Data Transfer and Backup on Remote Computers

This section covers the use of tools like scp, Rsync, sftp and Globus to make transfers and backups. While the examples place an emphasis on Compute Canada, they can be generalised to apply to any remote computer.

rsync-time-backup

rsync-time-backup is a utility available here that builds on top of Rsync.

It allows backups over SSH, backup resumes, uses hardlinks to avoid duplication and provides functionality to create full backups. In short, it can be used to create full snapshots, the frequency of which can be configured e.g. keep each hour of the last 24 hours, each day of the previous month and each month in the previous year.

You may find it useful to combine several techinques in the examples below and in the docmentation of this script.

Example: Backing up to Compute Canada Project Space

The project space is a great place for:

  • Frequent backups
  • Internal and external sharing

You may want to tarball collections of small files (multiple files < 100 MB) to keep the file count down and to keep the diretory uncluttered.

Note

This works if you set up the SSH key on the Compute Canada server

In this example, we are backing up a drive mounted to our system. In this instance, it is a NAS drive, althogh it could be a hard drive or any other external media.
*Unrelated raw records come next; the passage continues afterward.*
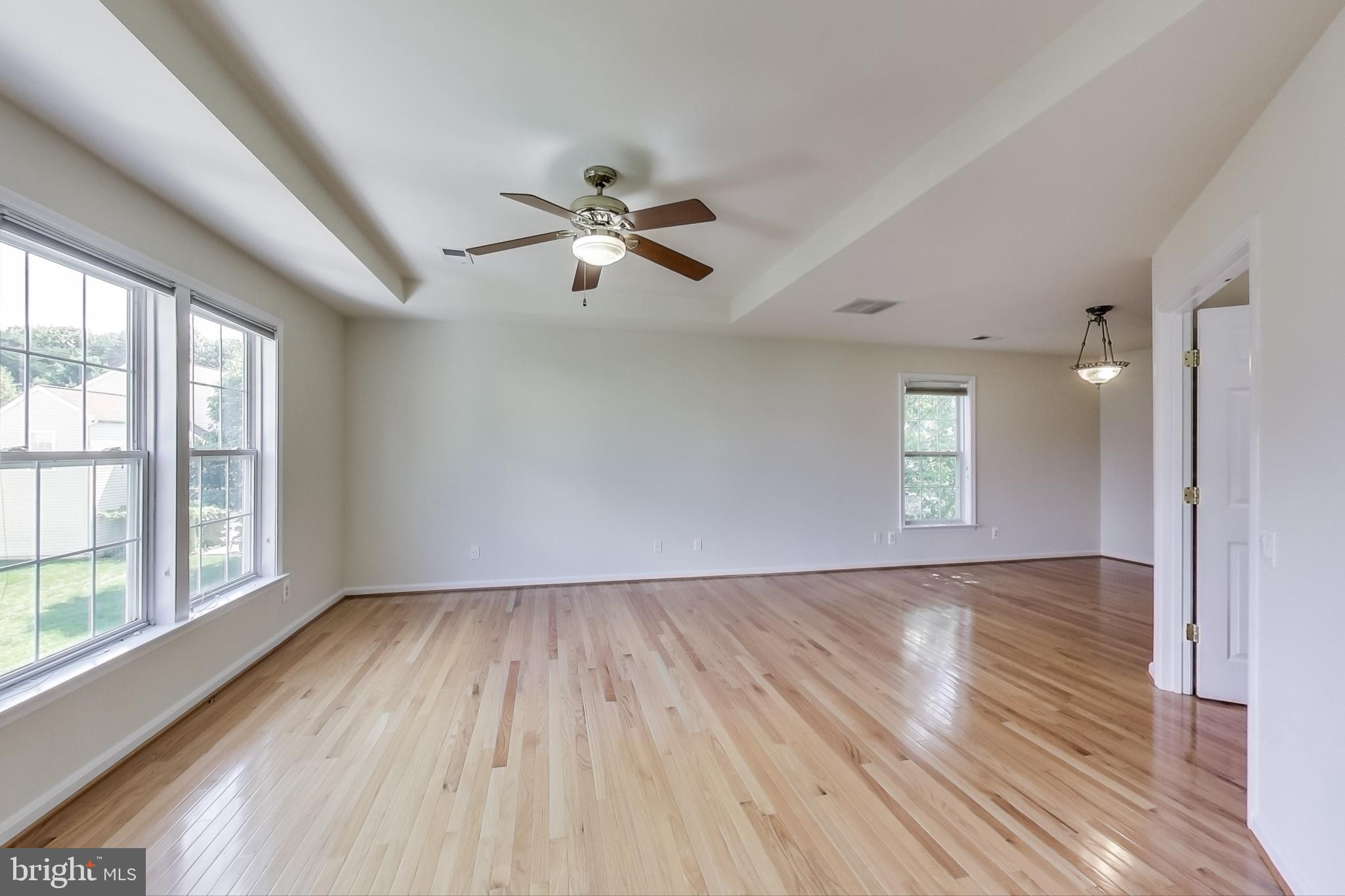 12517 Fox View Way Reston, VA 20191 - Photo 24 of 62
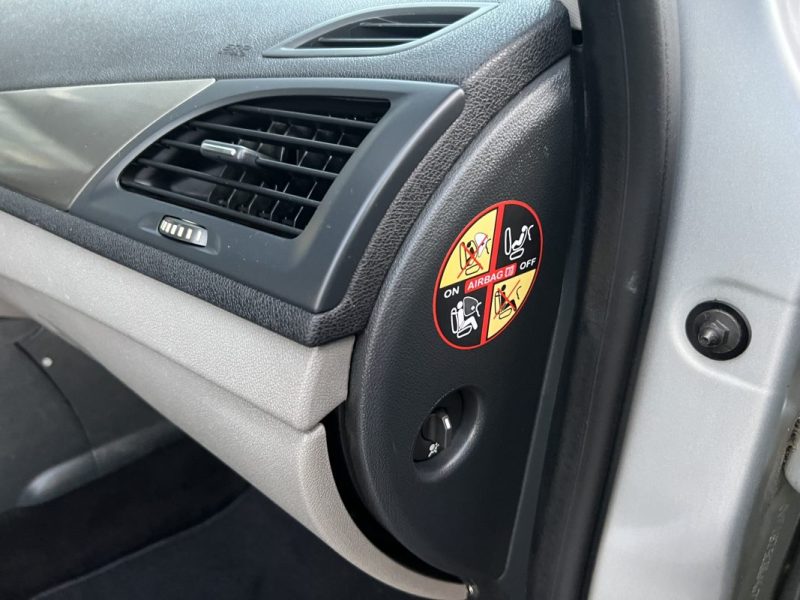 RENAULT MEGANE 3 III 1.5 DCI 110 Cv 5 PORTES / CRIT AIR 2 - GARANTIE 1 AN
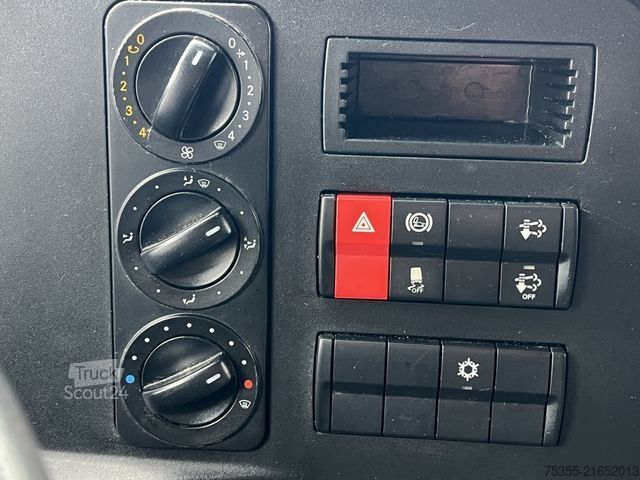 Furgone chiuso MERCEDES-BENZ Atego 818 Klima 6,1m LBW 1.000kg Kamera Tempomat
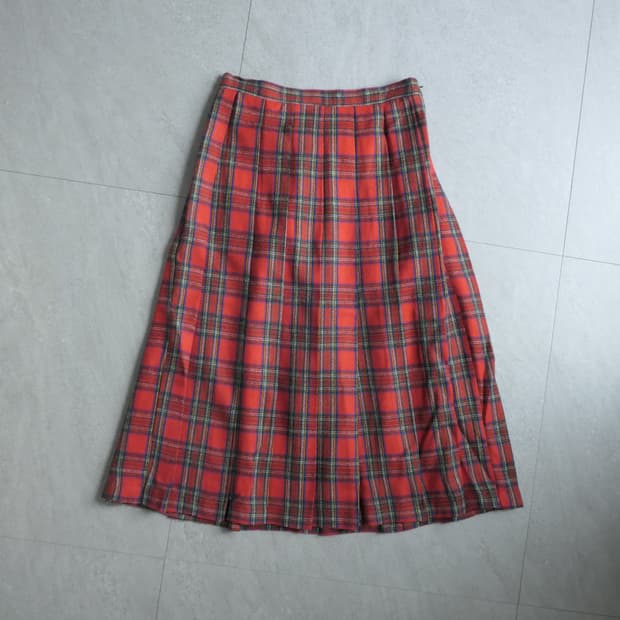 Check pleated skirt
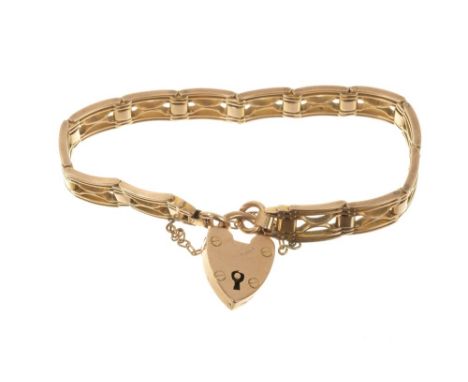 Edwardian 9ct rose gold gate bracelet with padlock claspCondition report: Gross weight approximately 16.3 grams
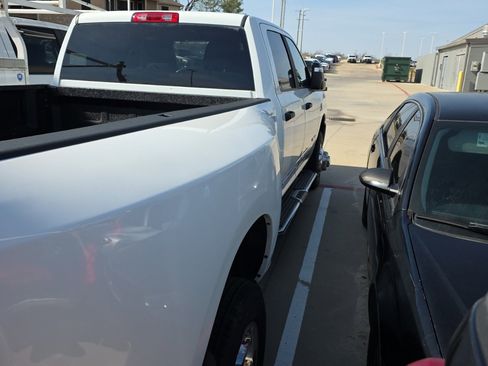 Used 2024 RAM 3500 Big Horn image 4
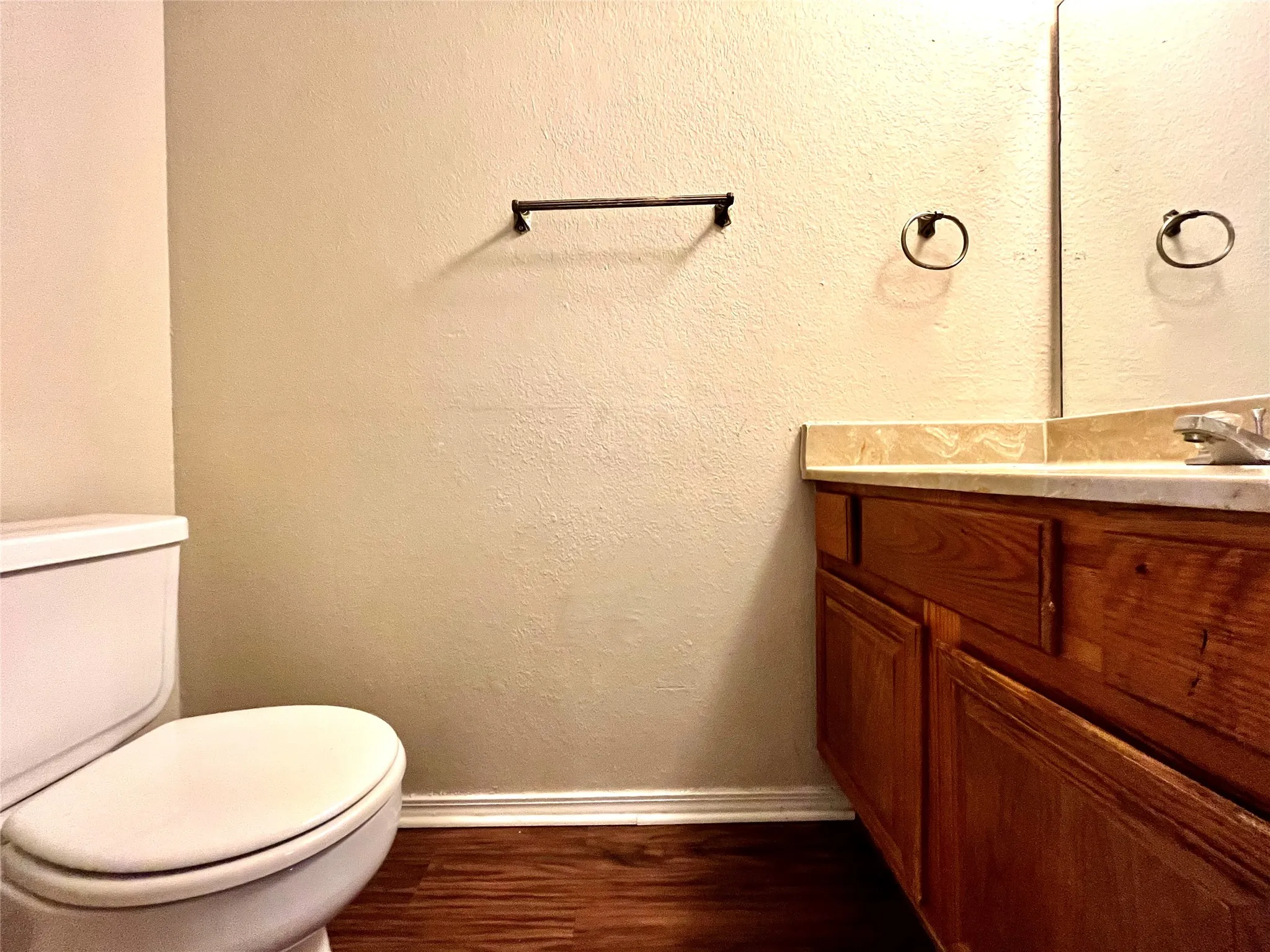 Townhouse For Rent in Denton County , 3055 Olympia Drive, Denton, Texas 76209, 2 Bedroom, 2 Bathroom, 1 Garage spaces, 1,023 Sqft, built in 1983, mls#21260422, Real Estate Agent in Denton, Homes For Rent in Denton county, Homes For Rent in Denton, Realtor in Denton Texas, Real Estate Brokerage Independent Realty Texas, Luminita Cordes Realtor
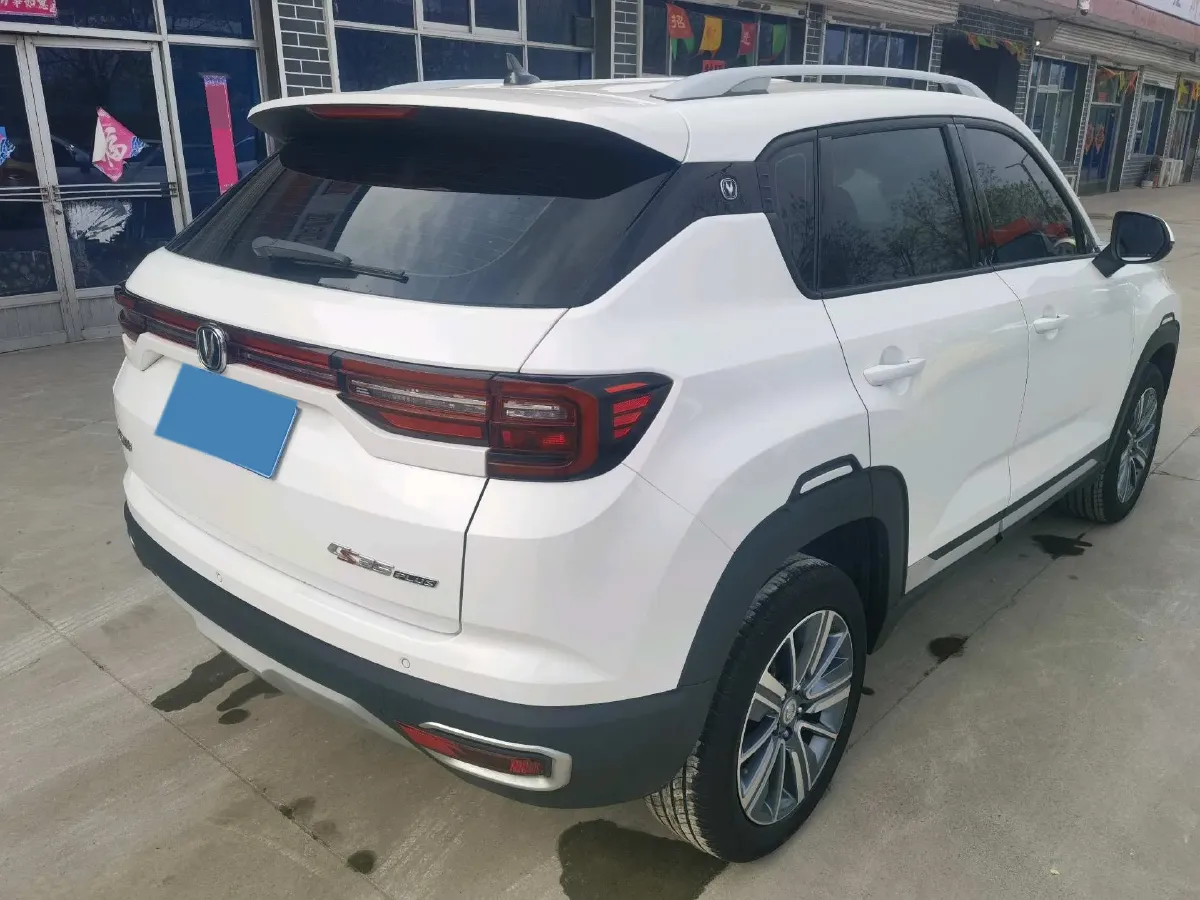 2019 ChangAn CS35 Plus 1.6L 128HP L4 5MT,autocango,china used car exporter,china ev exporter,chinese used car exporter,chinese used ev exporter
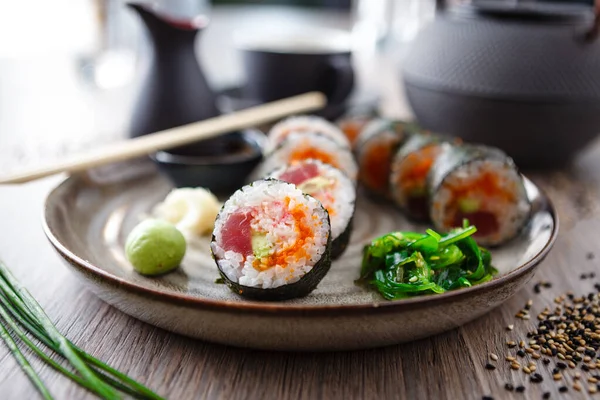 Sushi Maki Broodjes Met Tonijn Vliegende Vis Kaviaar Krab Avocado — Stockfoto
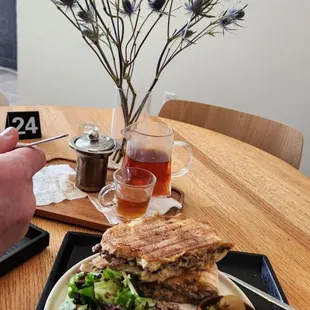 More than we expected from weekend lunch, no wonder it's popular.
$ rsync_tmbackup.sh /media/user/data cedar:/home/user/projects/def-pi/data/

You can replace cedar with graham or beluga as required

Example: Backing up to Remote Computer

Suppose you have an ssh machine computer.domain.com

$ rsync_tmbackup.sh /media/user/data user@computer.domain.com:/data/

Example: Backing up using an exclusion list

Suppose you do not want to backup certain directories, files or file types. You must create an exclusion list exclude-file.txt, for instance:

secrets.txt
folder1/*
folder2
folder3/scratch/
*.mat*

This will exclude the file secrets.txt, copy the folder folder1 but not its contents, will not copy the folder folder2 or its contents, will not copy the subdirectory folder3/scratch/ or its contents, and will exclude all files with the .mat extension.

Local machine to external drive

$ rsync_tmbackup.sh /home/user /media/user/data/ excluded_patterns.txt

Compute Canada

$ rsync_tmbackup.sh /media/user/data cedar:/home/user/projects/def-pi/data/ excluded_patterns.txt

Example: Change the Expiration Strategy

From the README:

The default strategy is ``1:1 30:7 365:30``, which means:

* After 1 day, keep one backup every 1 day (1:1).
* After 30 days, keep one backup every 7 days (30:7).
* After 365 days, keep one backup every 30 days (365:30).

To change the strategy to: After 30 Days, keep one backup every 14 days,

STFP

From the Compute Canada Documentation:

SFTP (Secure File Transfer Protocol) uses the SSH protocol to transfer files between machines which encrypts data being transferred.

Unlike SCP, SFTP omes with an interactive prompt.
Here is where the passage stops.